- _Your assignment_
Write out the records word for word, with no pictures.

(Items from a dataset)
· · · ·

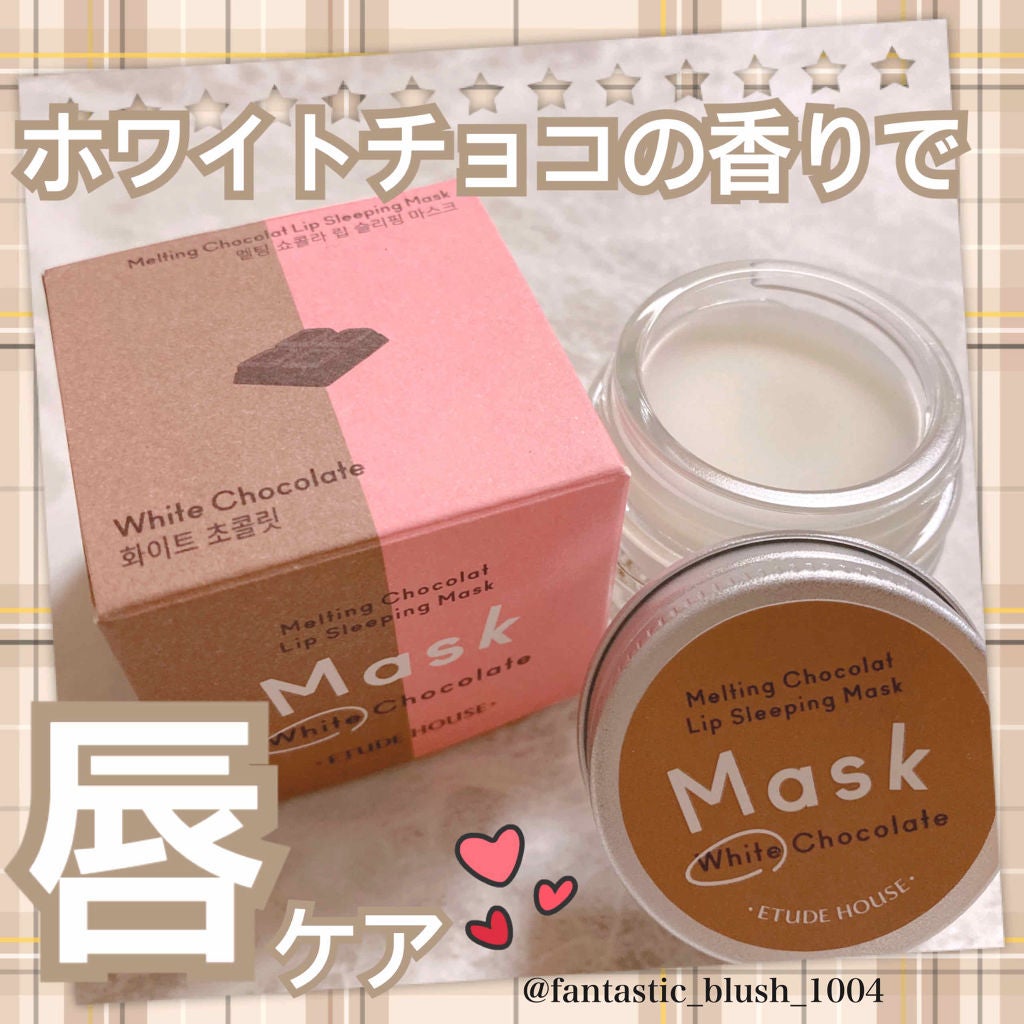 メルティング リップスリーピングマスク/ETUDE/リップケアを使ったクチコミ(1枚目)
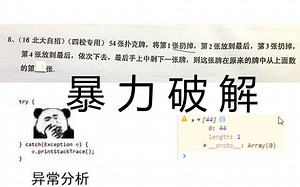 听说你要做排列组合题？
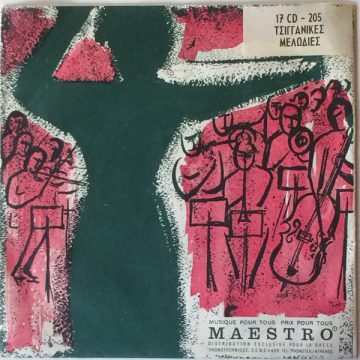 Τσιγγάνικες Μελωδίες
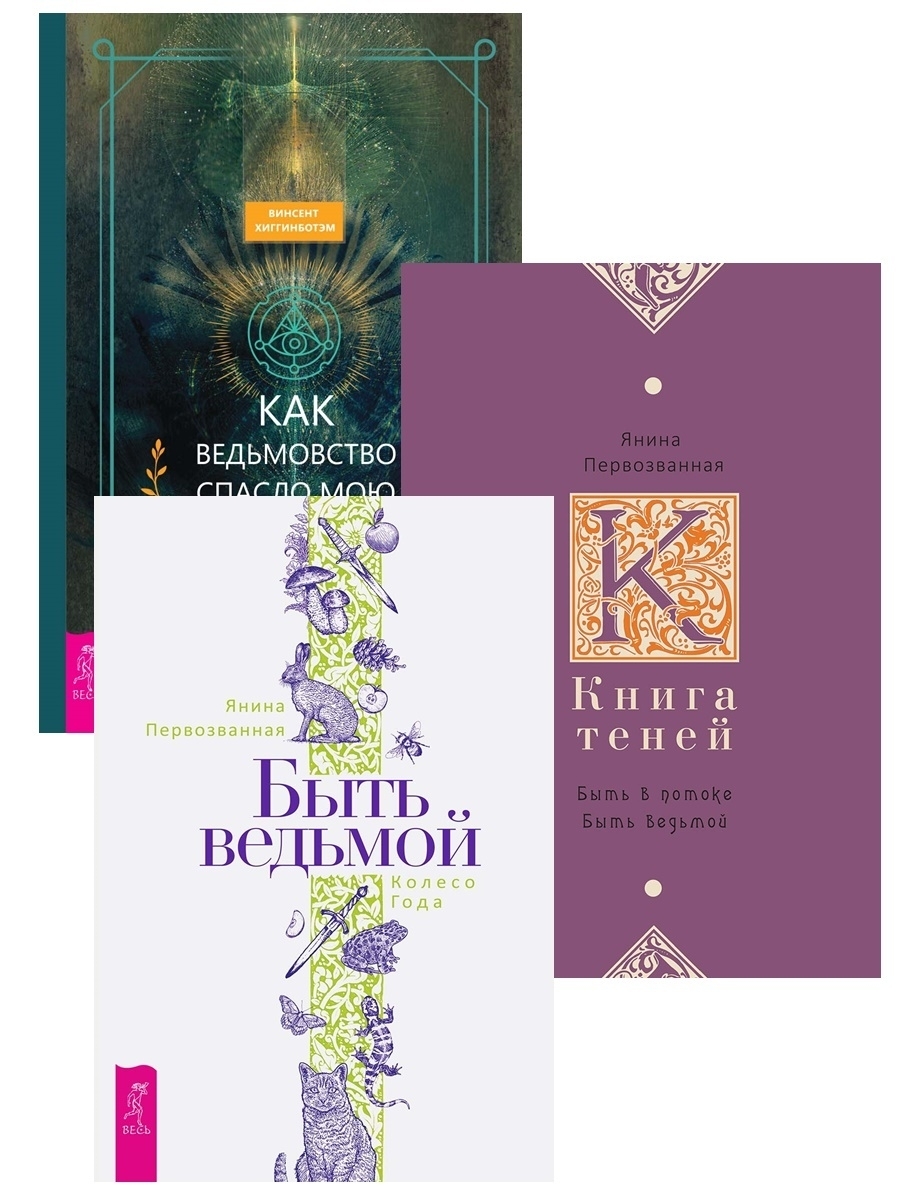 Книги Про Ведьм Купить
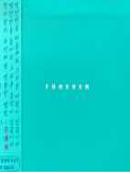 Forever  - [음반CD]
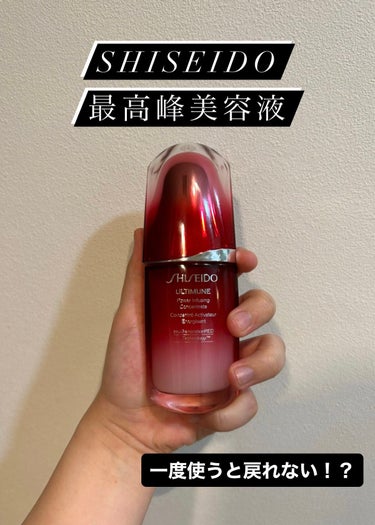 アルティミューン™ パワライジング コンセントレート Ⅲ 50ml/SHISEIDO/美容液を使ったクチコミ（1枚目）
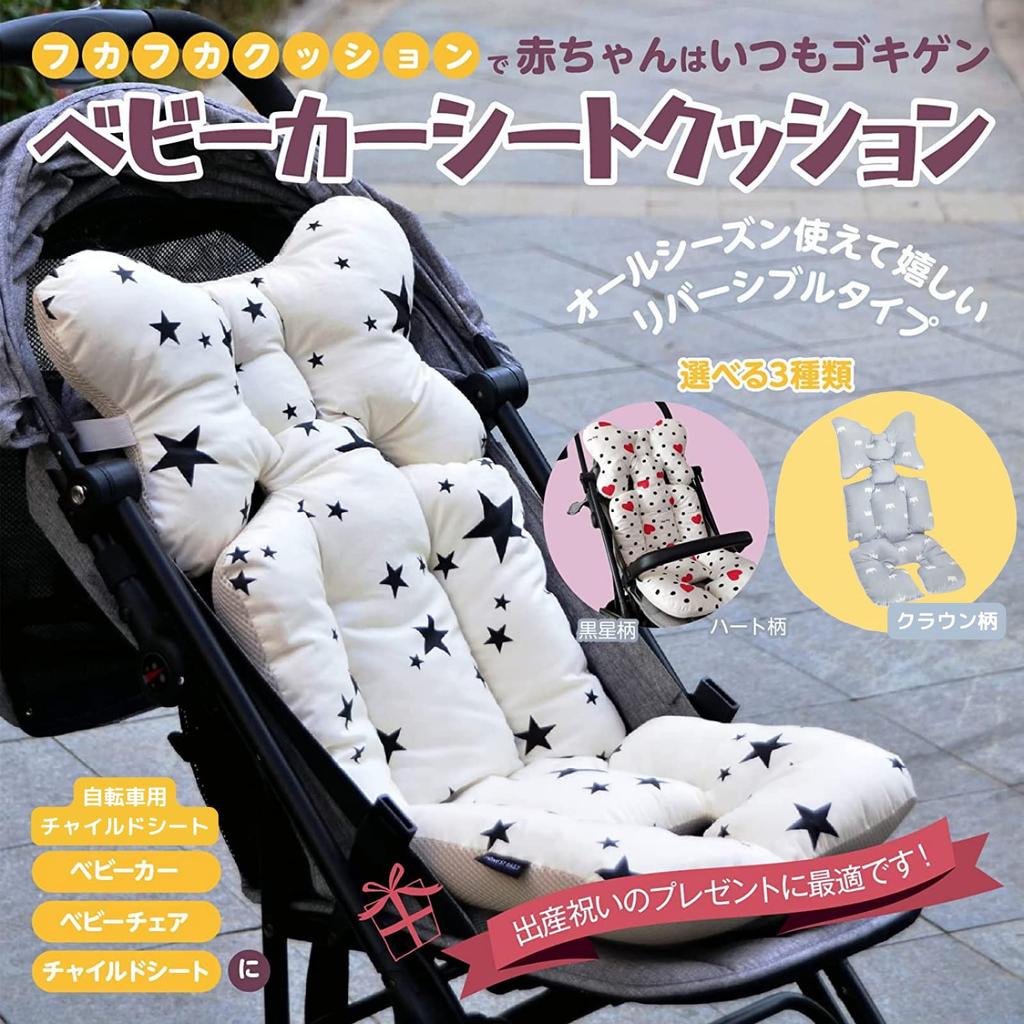 Автокресло Asway STERLING для малышей и рекомендовано Childcare 3D сетчатый дышащий полностью узор короны подушка, профессионалы, хлопок, моющийся,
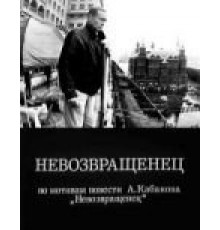 Невозвращенец (1991)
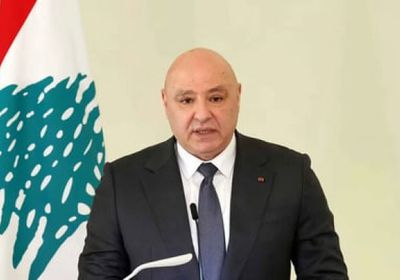 رئيس لبنان: الوجود الإسرائيلي يعرقل انتشار الجيش جنوباً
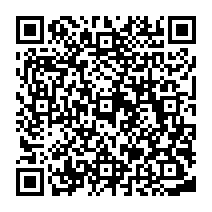 QR Code para acesso à edição do Diário Oficial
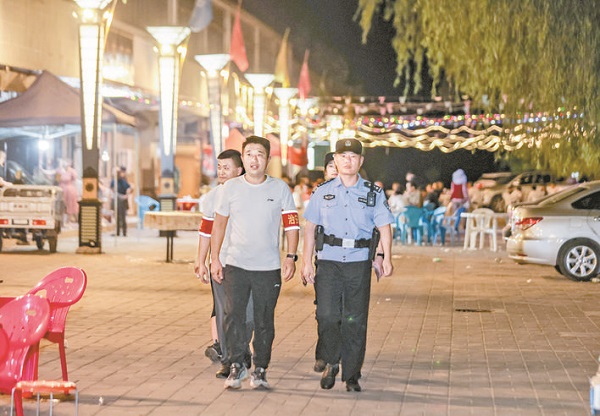 微信图片_20230818094012.jpg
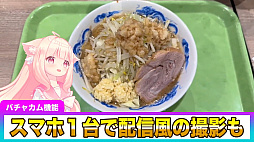 ꡼ No.005Υͥ / ޥ1Ǽ¼VTuberˤʤ륢ץ֥Х㥫סۿХü֤ۿץ⡼ɤ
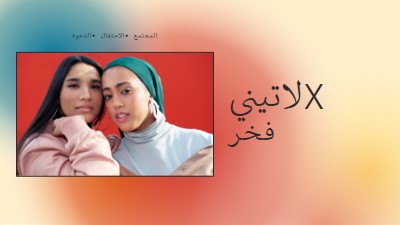 الاحتفال بالجالية اللاتينية red modern-bold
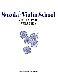 Suzuki Violin School Violin Part Volume 8 with CD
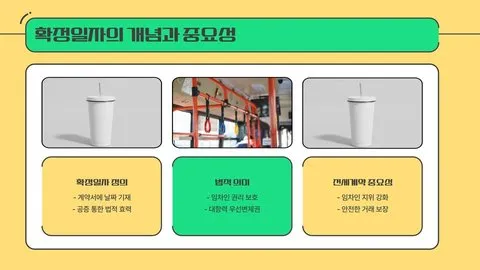 전세계약 이미지 6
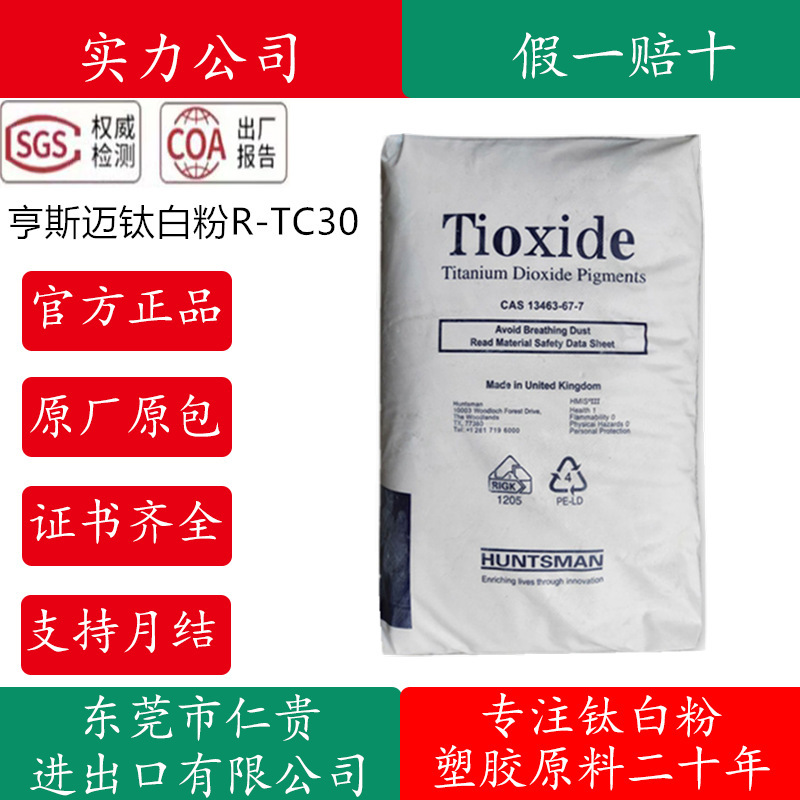 Huntsman titanium dioxide TC30 blue phase jinredstone plastic grade titanium dioxide R-TC30 easy to disperse high whiteness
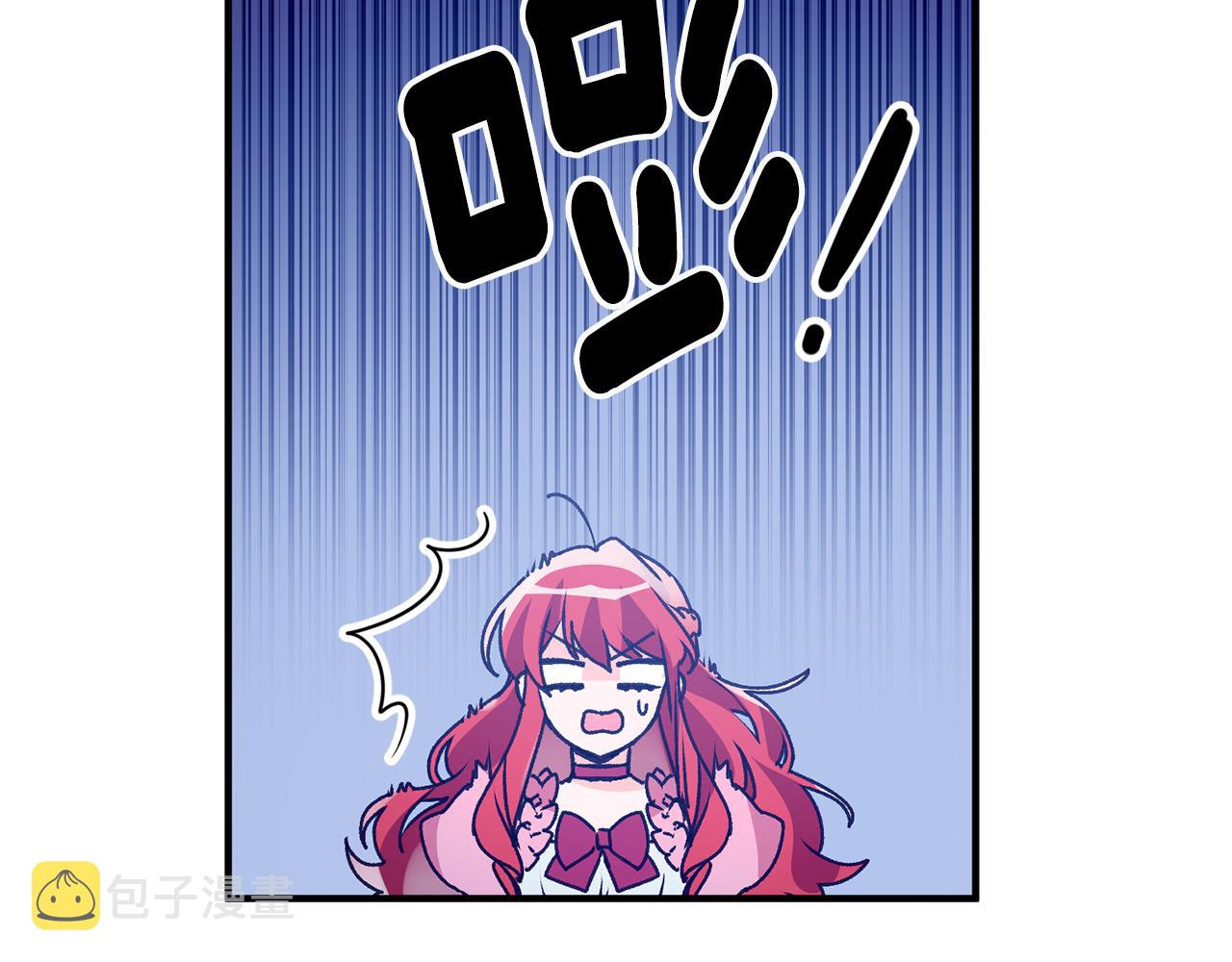 第3话 初见男神22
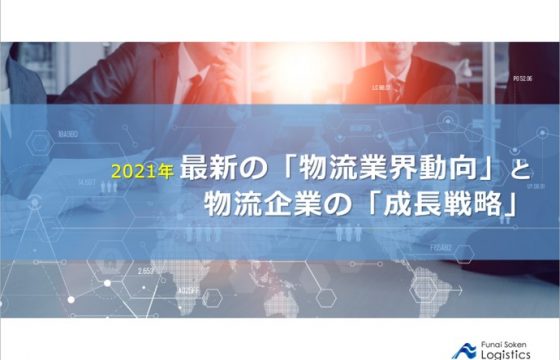 2021年物流業界動向と物流企業の成長戦略｜船井総研ロジ株式会社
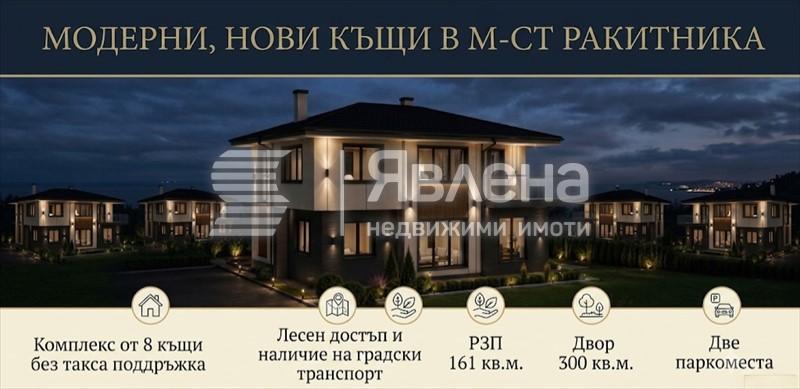 рекламна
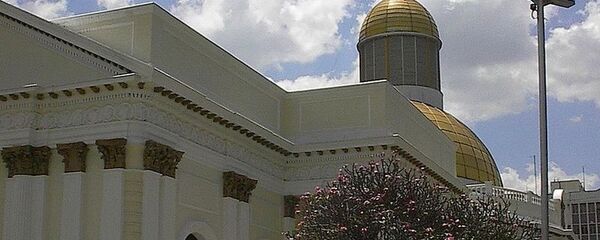 委內瑞拉議會 - 俄羅斯衛星通訊社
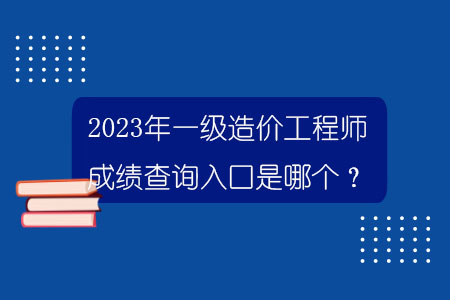 一級(jí)建造師的成績(jī)公布時(shí)間是幾點(diǎn),一級(jí)建造師的成績(jī)公布時(shí)間  第1張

· · · ·

- _Result of the task_
 メルティング リップスリーピングマスク/ETUDE/リップケアを使ったクチコミ(1枚目)
 听说你要做排列组合题？
 Τσιγγάνικες Μελωδίες
 Книги Про Ведьм Купить
 Forever  - [음반CD]
 アルティミューン™ パワライジング コンセントレート Ⅲ 50ml/SHISEIDO/美容液を使ったクチコミ（1枚目）
 Автокресло Asway STERLING для малышей и рекомендовано Childcare 3D сетчатый дышащий полностью узор короны подушка, профессионалы, хлопок, моющийся,
 Невозвращенец (1991)
 رئيس لبنان: الوجود الإسرائيلي يعرقل انتشار الجيش جنوباً
 QR Code para acesso à edição do Diário Oficial
 微信图片_20230818094012.jpg
 ꡼ No.005Υͥ / ޥ1Ǽ¼VTuberˤʤ륢ץ֥Х㥫סۿХü֤ۿץ⡼ɤ
 الاحتفال بالجالية اللاتينية red modern-bold
 Suzuki Violin School Violin Part Volume 8 with CD
 전세계약 이미지 6
 Huntsman titanium dioxide TC30 blue phase jinredstone plastic grade titanium dioxide R-TC30 easy to disperse high whiteness
 第3话 初见男神22
 2021年物流業界動向と物流企業の成長戦略｜船井総研ロジ株式会社
 рекламна
 委內瑞拉議會 - 俄羅斯衛星通訊社
 一級(jí)建造師的成績(jī)公布時(shí)間是幾點(diǎn),一級(jí)建造師的成績(jī)公布時(shí)間  第1張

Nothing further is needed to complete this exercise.